BERLIN — One of Daniel Barenboim’s visions for classical music, Berlin and the Middle East was achieved Thursday night when the Barenboim-Said Academy, named for the maestro and the Palestinian-American intellectual Edward Said, opened in the historic heart of the German capital.
Mr. Barenboim and Mr. Said, who taught for many years at Columbia University, founded the West-Eastern Divan Orchestra, a project uniting Israeli and Arab musicians, in Weimar in 1999.
They then set about raising funds for an academy that would offer music students from all over the Middle East training in classical music and philosophy, and other instruction in the arts.
Mr. Barenboim, 74, who spearheaded the effort after Mr. Said died in 2003 and is also the musical director of Berlin’s State Opera, himself seemed a little stunned by Thursday’s opening.
“I’m sure you will believe me if I tell you that I once felt this day would never happen,” he said. The academy currently has just under 40 students, a total that is set to rise to 90 by the academic year 2018-19.
The German culture ministry provided two-thirds of the 35-million euro construction costs (about $37 million) for the academy — with the remainder coming from private sponsors.
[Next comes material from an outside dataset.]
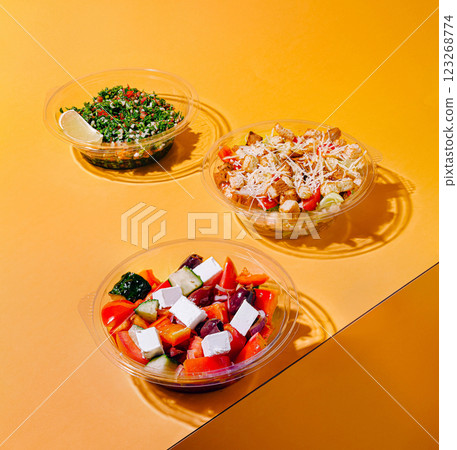 Colorful salads displayed on a bright orange background 123268774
The building contains a brand new concert hall, designed pro bono by Frank Gehry and named after Pierre Boulez, an avid supporter of the idea and a good friend of Mr. Barenboim.
Mr. Barenboim surprised the invited audience of some 400 by effectively inaugurating the hall, conducting a brief, unannounced concert by West-Eastern Divan Orchestra musicians, who played Haydn and Mozart.
Now for his next big goal: to conduct the first opera in the State Opera building that is just a few hundred yards from the new academy. In a city notorious for delays on its major construction projects, extensive renovations started in 2010. The reopening is now scheduled for Oct. 3.